The next limitation is likely your graphics card. You would not be able to render the number of objects that could fit in an infinitely long viewing frustum without running out of memory. Even if you could, it would definitely not be in real-time⁴.

Derivation

Starting with the $y$ -coordinate, let’s imagine the $x$ -axis is pointing out of the screen from the origin (or we are looking down the $x$ -axis).

This makes it clear that the screen y-coordinate can be determined purely from values on the y- and z-axes. Firstly, because we’re using a right-handed system but have to map to the canonical view volume, which is left-handed, we’re using the fact that the camera “looks down” its negative z-axis. So this is the frustum after the camera has placed all objects in the world relative to its own origin in a right-handed coordinate system. This took me a long time to digest, so feel free to draw it out or do the maths with me to help your understanding⁵.

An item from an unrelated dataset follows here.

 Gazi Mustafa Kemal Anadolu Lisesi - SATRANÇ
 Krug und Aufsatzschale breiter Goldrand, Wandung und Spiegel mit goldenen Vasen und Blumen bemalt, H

If you want to, you can depart from my derivations and try and do a purely left-handed system (from world coordinates all the way to screen projection). You will run into fewer issues and probably tear out less hair. Since I apparently have a penchant for pain, we’ll keep moving forward with a mixed system.

So, from the above, we can determine the value of $y_s$ ( $y$ projected onto the screen) using similar triangles⁶. Noting that the coordinate of the point (vertex) in space that we are projecting is at $(x, y, z)$ .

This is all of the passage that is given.